Data under study
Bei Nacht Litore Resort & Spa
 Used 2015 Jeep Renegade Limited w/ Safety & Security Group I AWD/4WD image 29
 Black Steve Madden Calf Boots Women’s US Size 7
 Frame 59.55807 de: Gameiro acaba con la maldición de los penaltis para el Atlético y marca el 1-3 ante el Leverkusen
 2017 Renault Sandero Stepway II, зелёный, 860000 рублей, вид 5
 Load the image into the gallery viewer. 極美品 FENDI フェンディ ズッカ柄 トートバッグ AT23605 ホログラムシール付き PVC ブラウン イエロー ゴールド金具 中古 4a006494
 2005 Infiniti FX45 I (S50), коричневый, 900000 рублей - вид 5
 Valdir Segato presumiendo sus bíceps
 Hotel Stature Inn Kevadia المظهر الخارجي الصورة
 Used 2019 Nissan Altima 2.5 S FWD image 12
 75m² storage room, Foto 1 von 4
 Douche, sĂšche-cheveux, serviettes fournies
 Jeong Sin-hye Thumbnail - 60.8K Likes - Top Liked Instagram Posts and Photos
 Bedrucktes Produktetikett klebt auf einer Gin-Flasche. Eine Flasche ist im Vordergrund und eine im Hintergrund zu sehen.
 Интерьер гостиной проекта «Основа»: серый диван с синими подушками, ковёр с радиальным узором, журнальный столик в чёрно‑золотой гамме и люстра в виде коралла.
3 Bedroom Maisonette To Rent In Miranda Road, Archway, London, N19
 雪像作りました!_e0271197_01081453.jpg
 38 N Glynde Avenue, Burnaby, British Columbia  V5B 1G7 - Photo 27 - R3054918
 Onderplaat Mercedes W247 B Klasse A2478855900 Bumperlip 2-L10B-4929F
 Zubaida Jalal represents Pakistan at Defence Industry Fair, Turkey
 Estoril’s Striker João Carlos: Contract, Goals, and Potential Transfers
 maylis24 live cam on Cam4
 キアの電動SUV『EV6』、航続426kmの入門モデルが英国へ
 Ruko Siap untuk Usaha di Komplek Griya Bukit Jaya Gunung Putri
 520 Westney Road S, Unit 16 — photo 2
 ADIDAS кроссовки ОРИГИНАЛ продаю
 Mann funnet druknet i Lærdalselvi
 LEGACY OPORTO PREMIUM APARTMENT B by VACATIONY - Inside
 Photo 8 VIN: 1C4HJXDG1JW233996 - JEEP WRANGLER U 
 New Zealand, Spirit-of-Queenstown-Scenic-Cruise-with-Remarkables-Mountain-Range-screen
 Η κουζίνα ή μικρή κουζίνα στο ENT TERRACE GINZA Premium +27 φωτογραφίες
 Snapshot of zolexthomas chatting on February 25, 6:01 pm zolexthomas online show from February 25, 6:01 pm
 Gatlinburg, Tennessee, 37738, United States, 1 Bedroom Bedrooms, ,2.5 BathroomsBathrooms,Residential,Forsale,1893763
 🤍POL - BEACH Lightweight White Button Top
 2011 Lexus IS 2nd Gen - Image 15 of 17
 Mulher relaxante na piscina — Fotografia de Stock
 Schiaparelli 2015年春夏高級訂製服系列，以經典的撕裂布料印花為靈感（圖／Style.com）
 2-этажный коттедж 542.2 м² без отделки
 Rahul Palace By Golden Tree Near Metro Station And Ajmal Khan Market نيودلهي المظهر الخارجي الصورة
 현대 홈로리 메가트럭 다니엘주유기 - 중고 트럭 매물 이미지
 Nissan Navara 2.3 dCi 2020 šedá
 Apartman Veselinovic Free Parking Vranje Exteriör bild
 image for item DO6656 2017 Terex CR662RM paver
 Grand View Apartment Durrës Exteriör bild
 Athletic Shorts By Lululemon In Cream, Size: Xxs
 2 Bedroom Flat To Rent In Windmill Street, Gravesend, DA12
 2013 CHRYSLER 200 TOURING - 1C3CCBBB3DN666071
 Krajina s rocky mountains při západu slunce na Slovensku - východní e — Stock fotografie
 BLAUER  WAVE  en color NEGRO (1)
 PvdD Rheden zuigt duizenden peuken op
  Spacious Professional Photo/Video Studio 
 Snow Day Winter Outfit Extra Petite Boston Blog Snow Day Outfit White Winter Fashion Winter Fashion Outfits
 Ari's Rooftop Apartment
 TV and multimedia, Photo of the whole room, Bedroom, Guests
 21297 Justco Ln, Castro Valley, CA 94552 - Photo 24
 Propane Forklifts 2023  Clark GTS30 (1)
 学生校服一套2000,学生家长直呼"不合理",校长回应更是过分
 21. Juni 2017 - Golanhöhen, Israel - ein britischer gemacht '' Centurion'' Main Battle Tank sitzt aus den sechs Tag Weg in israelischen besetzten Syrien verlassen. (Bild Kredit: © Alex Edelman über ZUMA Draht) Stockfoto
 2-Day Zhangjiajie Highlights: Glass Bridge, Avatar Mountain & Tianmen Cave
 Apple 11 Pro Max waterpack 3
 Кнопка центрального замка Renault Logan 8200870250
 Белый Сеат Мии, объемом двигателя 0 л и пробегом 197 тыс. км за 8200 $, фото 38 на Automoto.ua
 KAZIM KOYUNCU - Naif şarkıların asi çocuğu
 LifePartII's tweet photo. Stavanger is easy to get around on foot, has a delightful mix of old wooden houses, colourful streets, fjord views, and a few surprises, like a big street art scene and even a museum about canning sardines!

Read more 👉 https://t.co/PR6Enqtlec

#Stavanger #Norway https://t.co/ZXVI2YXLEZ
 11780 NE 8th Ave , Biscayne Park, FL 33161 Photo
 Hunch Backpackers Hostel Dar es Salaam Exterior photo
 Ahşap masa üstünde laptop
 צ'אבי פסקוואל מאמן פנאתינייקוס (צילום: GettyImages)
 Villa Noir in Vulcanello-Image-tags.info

Work order
Exactly as written, please transcribe the lines from the start of the records above to the line that holds "2017 Renault Sandero", both ends included.

Finished exercise
Bei Nacht Litore Resort & Spa
 Used 2015 Jeep Renegade Limited w/ Safety & Security Group I AWD/4WD image 29
 Black Steve Madden Calf Boots Women’s US Size 7
 Frame 59.55807 de: Gameiro acaba con la maldición de los penaltis para el Atlético y marca el 1-3 ante el Leverkusen
 2017 Renault Sandero Stepway II, зелёный, 860000 рублей, вид 5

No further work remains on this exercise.